Carnelian left Fern sleeping, then followed the ammonite up through the hollows of the tower. All the way, air sucked up from the lower levels rushed past them with ever increasing fury as if racing them to the roof.

As they came up onto the roof, Carnelian felt he was entering some vast forest. A canopy of sullen blackness hung above, fed by the trunks of smoke the chimneys were pumping up. Melancholy rain slapped against him in gusts and a snow of ash and soot that clung to everything.

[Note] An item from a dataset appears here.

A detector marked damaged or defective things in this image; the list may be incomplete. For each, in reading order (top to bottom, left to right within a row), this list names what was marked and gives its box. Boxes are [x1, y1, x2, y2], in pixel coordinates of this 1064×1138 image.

The ammonite led him towards the edge, where some dark figures stood like burnt posts: Sapients, sheltering beneath parasols other ammonites were holding over them. As Carnelian drew nearer the screaming of the pipes grew so shrill he felt his bones must shatter. The plain below came into view, partially obscured by a steamy miasma. Pockets that seemed horrible chambers were lit here and there by the lightning flicker of the flame jets arcing back and forth. Through the murk he could see that a jerky, agonized scramble of sartlar were struggling to scale the crust of cooked meat that reared up against the outer gate. A flash, then screeching, as liquid fire slashed across them, baking them into the hill.

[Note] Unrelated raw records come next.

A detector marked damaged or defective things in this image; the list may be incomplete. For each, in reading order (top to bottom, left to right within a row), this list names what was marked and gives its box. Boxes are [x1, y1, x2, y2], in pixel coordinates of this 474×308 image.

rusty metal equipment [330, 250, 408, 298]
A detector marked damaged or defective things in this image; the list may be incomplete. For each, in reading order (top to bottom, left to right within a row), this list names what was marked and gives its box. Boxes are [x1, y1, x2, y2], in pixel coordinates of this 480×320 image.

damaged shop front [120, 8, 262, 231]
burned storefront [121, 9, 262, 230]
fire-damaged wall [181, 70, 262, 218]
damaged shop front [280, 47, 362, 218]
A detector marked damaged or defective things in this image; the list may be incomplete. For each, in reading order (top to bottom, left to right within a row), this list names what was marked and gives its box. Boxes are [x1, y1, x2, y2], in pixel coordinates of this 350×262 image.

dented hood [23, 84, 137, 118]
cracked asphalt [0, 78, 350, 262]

‘Your plan has failed,’ he cried above the din.

‘To some extent, Celestial.’

Carnelian turned, startled by that angelic voice, serene in the midst of such chaos. He saw the homunculus who had spoken and the staff he held. Behind him his master, Lands, seemed just another chimney.

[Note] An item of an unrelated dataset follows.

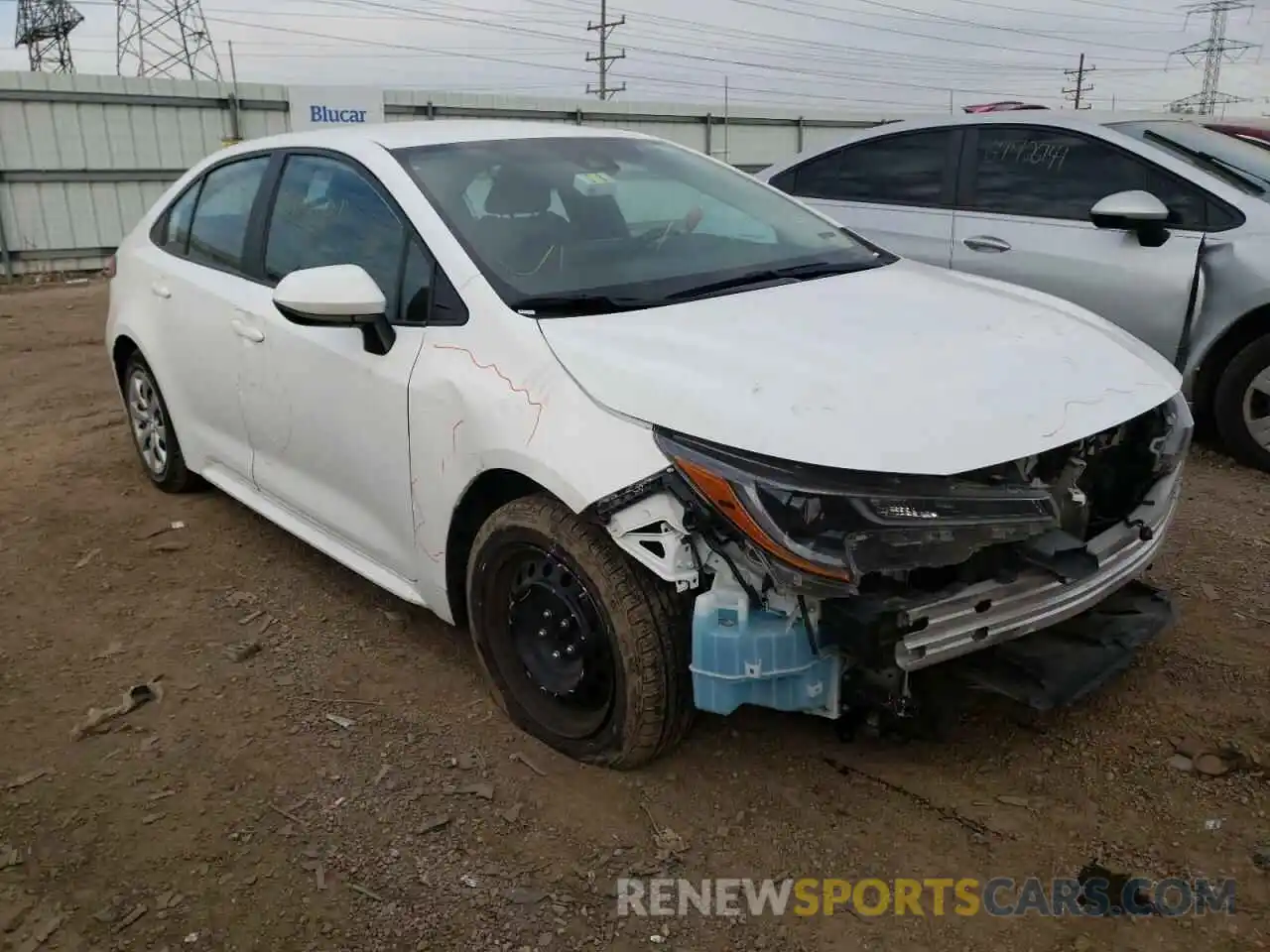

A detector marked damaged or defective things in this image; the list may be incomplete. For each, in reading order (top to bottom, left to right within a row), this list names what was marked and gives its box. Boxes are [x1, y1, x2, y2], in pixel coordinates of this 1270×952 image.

damaged white car [106, 123, 1189, 772]
exposed headlight housing [655, 431, 1062, 581]
damaged front end [601, 396, 1189, 731]
detached bumper cover [894, 461, 1178, 669]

The Grand Sapient disengaged a hand from the throat of the homunculus and began signing.
Once they overran the City, there was always the danger this might happen. They have become like locusts that, once congregating in sufficient numbers, exhaust the food supply around them. Thereafter, they must move on, else perish. Whichever direction they choose they must maintain, for behind them lies only cannibalism
.

Carnelian saw the truth of this. He saw also that it was, perhaps, the initial attack upon them in the Canyon that had precipitated this carnage. Unable to retreat, they had surged forward against his incursion. Thereafter, like a siphon, the pressure of those coming on behind had been compelling those in front inexorably towards the Blood Gate and its killing field.

There was only one thing to be done.
We must punch through to the entrance of the Canyon and there deflect more from entering
.

It was Legions’ hand that answered him.
Not so far, Celestial. We need only reach the Green Gate
.

Where a link can be re-established to your systems?

Once that is done, we can summon sufficient force to effect your deflection
.

Carnelian regarded the Grand Sapients with the growing suspicion that they had engineered this crisis as the means to acquire control of the outer world and, with it, Osrakum.

‘First you will have to remove this mound that blocks our gates, Celestial,’ Cities’ homunculus said above the din.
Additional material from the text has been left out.